The Result object is returned by a non-linear search after running the following code:

result = search.fit(model=model, analysis=analysis)

The result can be can be customized to include additional information about the model-fit that is specific to your model-fitting problem.

For example, for fitting 1D profiles, the Result could include the maximum log likelihood model 1D data:

print(result.max_log_likelihood_model_data_1d)

In other examples, this quantity has been manually computed after the model-fit has completed.

The custom result API allows us to do this. First, we define a custom Result class, which includes the property max_log_likelihood_model_data_1d.

class ResultExample(af.Result):

    @property
    def max_log_likelihood_model_data_1d(self) -> np.ndarray:
        """
        Returns the maximum log likelihood model's 1D model data.

        This is an example of how we can pass the `Analysis` class a custom `Result` object and extend this result
        object with new properties that are specific to the model-fit we are performing.
        """
        xvalues = np.arange(self.analysis.data.shape[0])

        return self.instance.model_data_1d_via_xvalues_from(instance=xvalues)

The custom result has access to the analysis class, meaning that we can use any of its methods or properties to compute custom result properties.

To make it so that the ResultExample object above is returned by the search we overwrite the Result class attribute of the Analysis and define a make_result object describing what we want it to contain:

class Analysis(af.Analysis):

    """
    This overwrite means the `ResultExample` class is returned after the model-fit.
    """
    Result = ResultExample

    def __init__(self, data, noise_map):
        """
        An Analysis class which illustrates custom results.
        """
        super().__init__()

        self.data = data
        self.noise_map = noise_map

    def log_likelihood_function(self, instance):
        """
        The `log_likelihood_function` is identical to the example above
        """
        xvalues = np.arange(self.data.shape[0])

        model_data = instance.model_data_1d_via_xvalues_from(xvalues=xvalues)
        residual_map = self.data - model_data
        chi_squared_map = (residual_map / self.noise_map) ** 2.0
        chi_squared = sum(chi_squared_map)
        noise_normalization = np.sum(np.log(2 * np.pi * noise_map**2.0))
        log_likelihood = -0.5 * (chi_squared + noise_normalization)

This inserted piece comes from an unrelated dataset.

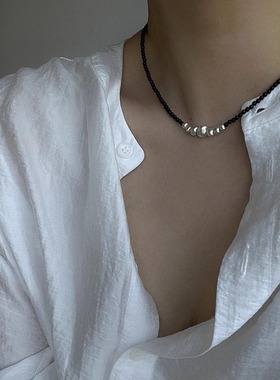 丝绸光猫眼银球项链黑色玛瑙渐变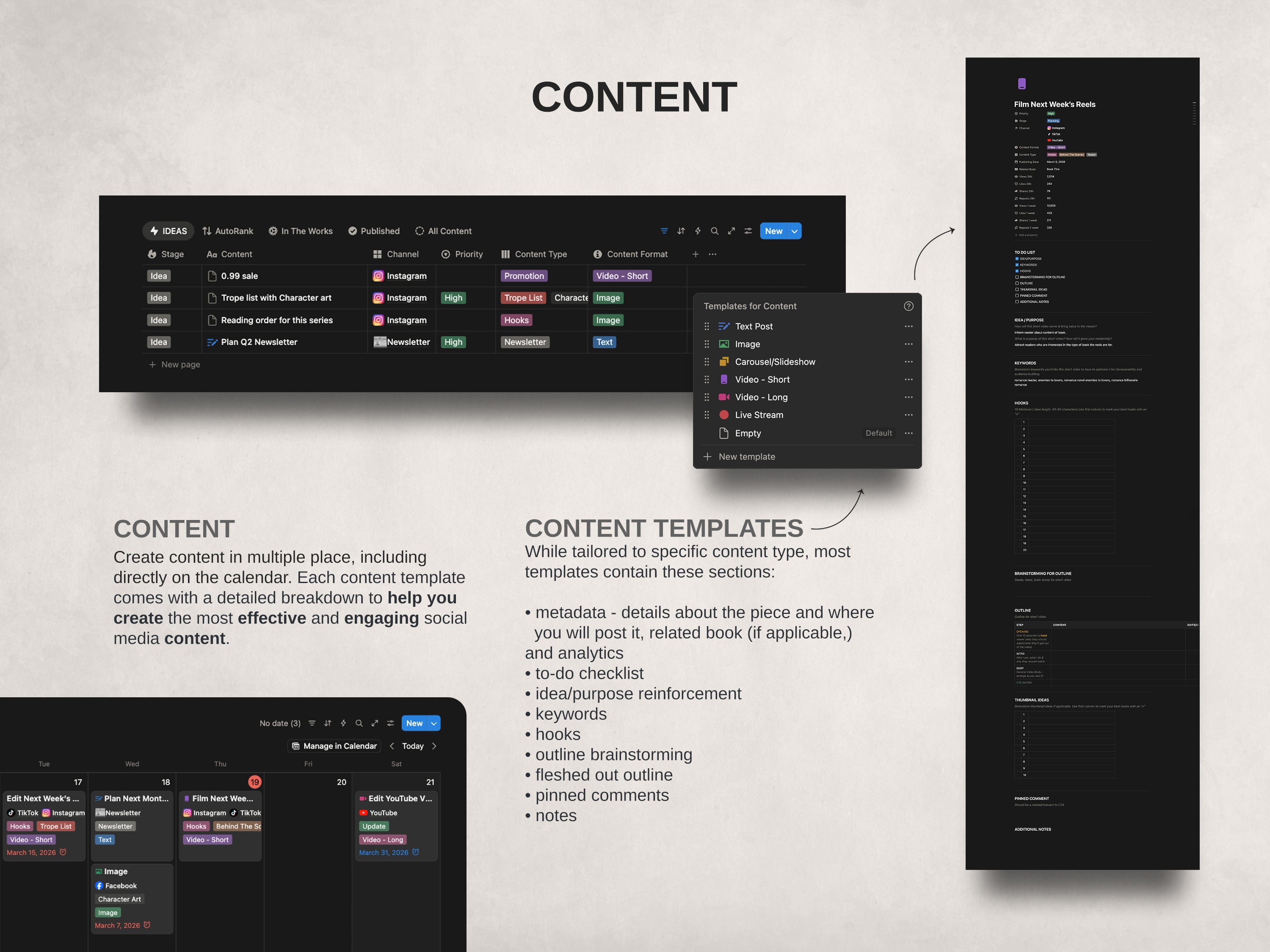 Content HQ -  Social Media Content Manager Notion Template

        return log_likelihood

    def make_result(
        self,
        samples_summary: af.SamplesSummary,
        paths: af.AbstractPaths,
        samples: Optional[af.SamplesPDF] = None,
        search_internal: Optional[object] = None,
        analysis: Optional[object] = None,
    ) -> Result:
        """
        Returns the `Result` of the non-linear search after it is completed.

        The result type is defined as a class variable in the `Analysis` class (see top of code under the python code
        `class Analysis(af.Analysis)`.

        The result can be manually overwritten by a user to return a user-defined result object, which can be extended
        with additional methods and attribute specific to the model-fit.

        This example class does example this, whereby the analysis result has been overwritten with the `ResultExample`
        class, which contains a property `max_log_likelihood_model_data_1d` that returns the model data of the
        best-fit model. This API means you can customize your result object to include whatever attributes you want
        and therefore make a result object specific to your model-fit and model-fitting problem.

        The `Result` object you return can be customized to include:

        - The samples summary, which contains the maximum log likelihood instance and median PDF model.

        - The paths of the search, which are used for loading the samples and search internal below when a search
        is resumed.

        - The samples of the non-linear search (e.g. MCMC chains) also stored in `samples.csv`.

        - The non-linear search used for the fit in its internal representation, which is used for resuming a search
        and making bespoke visualization using the search's internal results.

        - The analysis used to fit the model (default disabled to save memory, but option may be useful for certain
        projects).

        Parameters
        ----------
        samples_summary
            The summary of the samples of the non-linear search, which include the maximum log likelihood instance and
            median PDF model.
        paths
            An object describing the paths for saving data (e.g. hard-disk directories or entries in sqlite database).
        samples
            The samples of the non-linear search, for example the chains of an MCMC run.
        search_internal
            The internal representation of the non-linear search used to perform the model-fit.
        analysis
            The analysis used to fit the model.

        Returns
        -------
        Result
            The result of the non-linear search, which is defined as a class variable in the `Analysis` class.
        """
        return self.Result(
            samples_summary=samples_summary,
            paths=paths,
            samples=samples,
            search_internal=search_internal,
            analysis=self
        )

For the sake of brevity, we do not run the code below, but the following code would work:

result = search.fit(model=model, analysis=analysis)
print(result.max_log_likelihood_model_data_1d)

Latent Variables#

A latent variable is not a model parameter but can be derived from the model. Its value and errors may be of interest and aid in the interpretation of a model-fit.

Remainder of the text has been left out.